In a crowded restroom with "ambiant" music blaring, you may not hear the deed. Even at home, if you aren't paying close attention (for example, let's say you have another child) you might miss the magic moment. Do you lift the baby off to check, risking removing him/her too soon? Do you try to peer in? If you can get a glimpse, can you tell the difference between the bottom of a clean potty and one with a shallow pool of pee in it? When you are talking about pottying a baby, sometimes you are getting really tiny amounts of pee, and no way to say, "I'm done."

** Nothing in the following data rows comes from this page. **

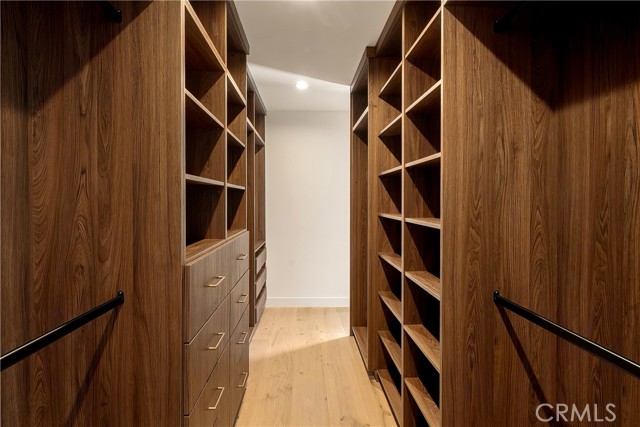 Detail Gallery Image 14 of 32 For 13949 Cumpston St, Sherman Oaks,  CA 91401 - 3 Beds | 3/1 Baths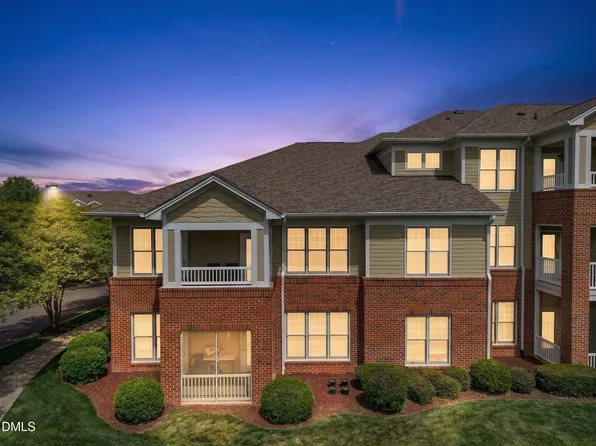 828 Waterford Lake Dr, Cary, NC 27519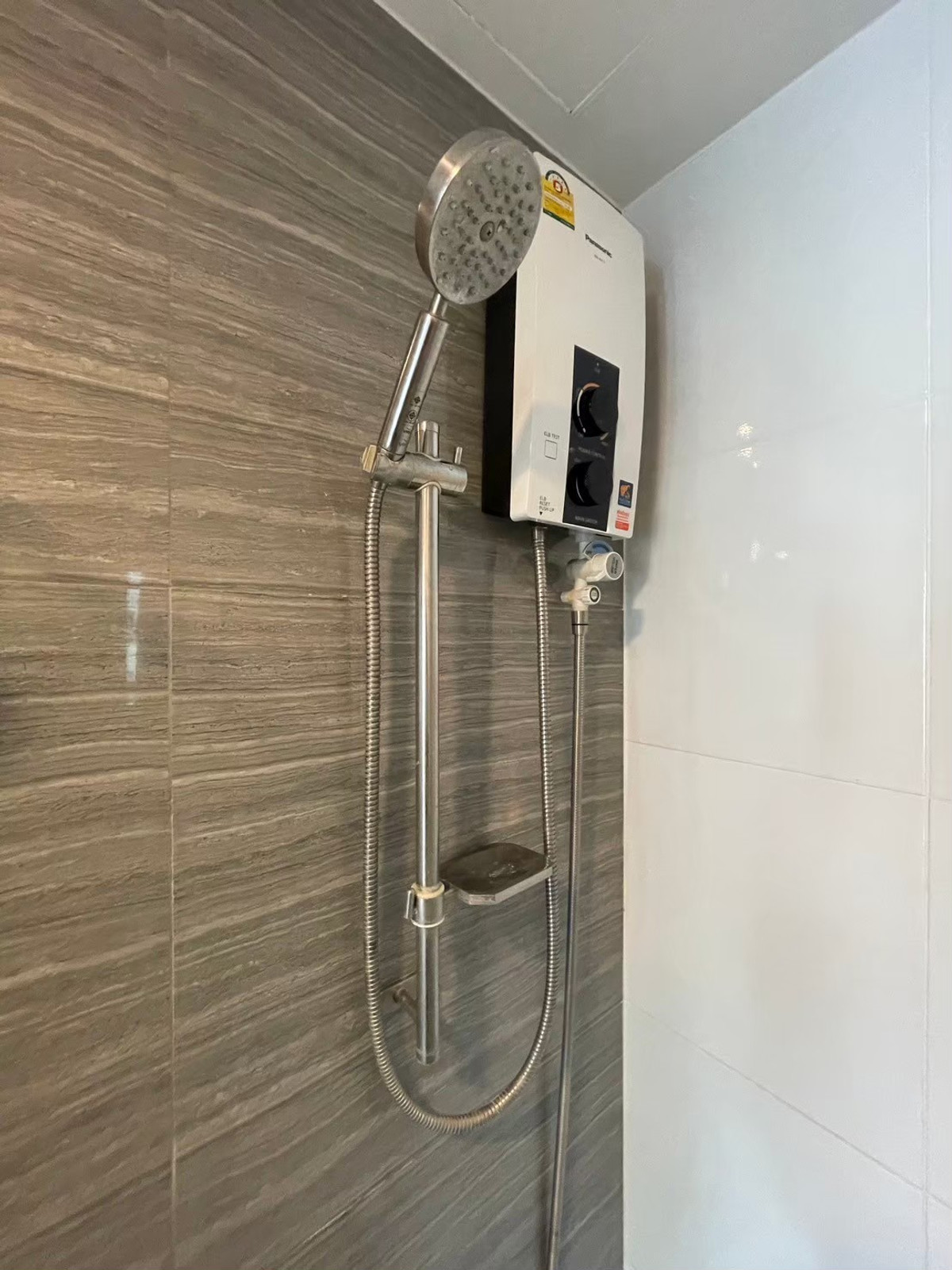 For RentCondoVipawadee, Don Mueang, Lak Si : Knightsbridge Phahonyothin - Interchange, 1 bedroom, 1 bathroom, size 35 sq m, Building B, 8th floor, rental price 14000 baht per month.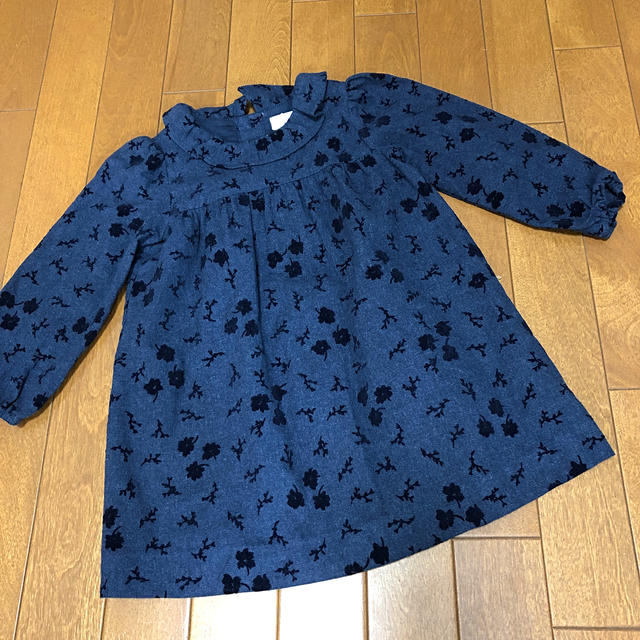 ZARA KIDS(ザラキッズ)のザラベイビー フリル フラワー柄　ワンピース キッズ/ベビー/マタニティのキッズ服女の子用(90cm~)(ワンピース)の商品写真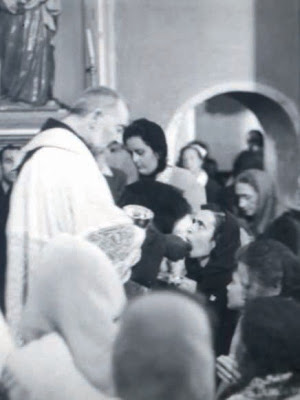 Padre Pio et les âmes du Purgatoire. Maria+Pompilio2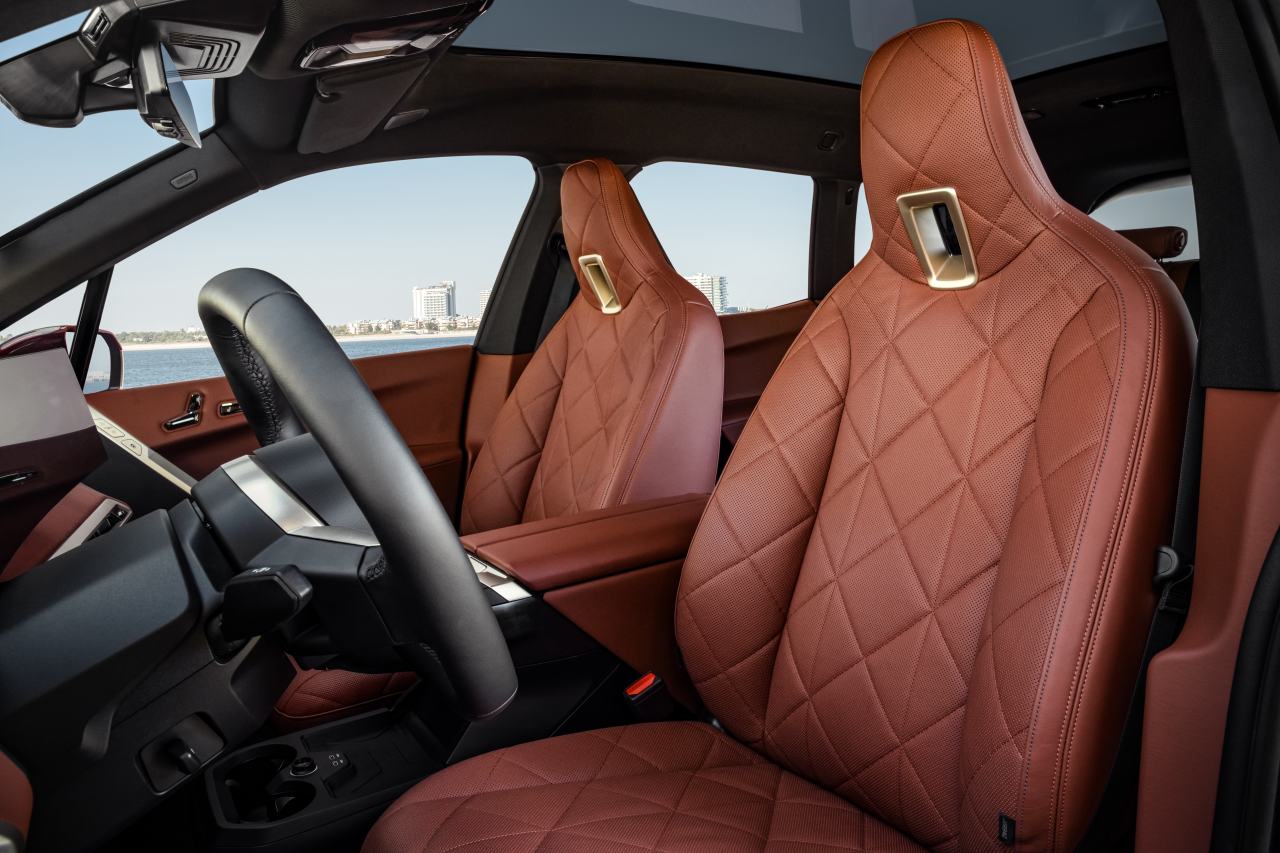 『BMW iX xDrive40』ではSuiteレザー・アミドが、同『xDrive50』にはSuiteレザー・カスタネアの各トリムが適用される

And really, I'm not one to care if I get a drop of baby pee on my finger. But slosh-n-listen if you prefer. Or, better yet, get a clear potty. They rock!
Is germany the only place you can get this potty from? I am trying to buy one in Australia but no luck, they sell other baby bjorn products here, but can't get this clear potty. Don't want to buy it from America cause aussie dollar means we loose out, plus big postage costs - believe me, these potties ARE in demand here - EC is really taking off down under!! (excuse the pun)
It should go along with mini kit of scoops and tiny containers for the most curious parents.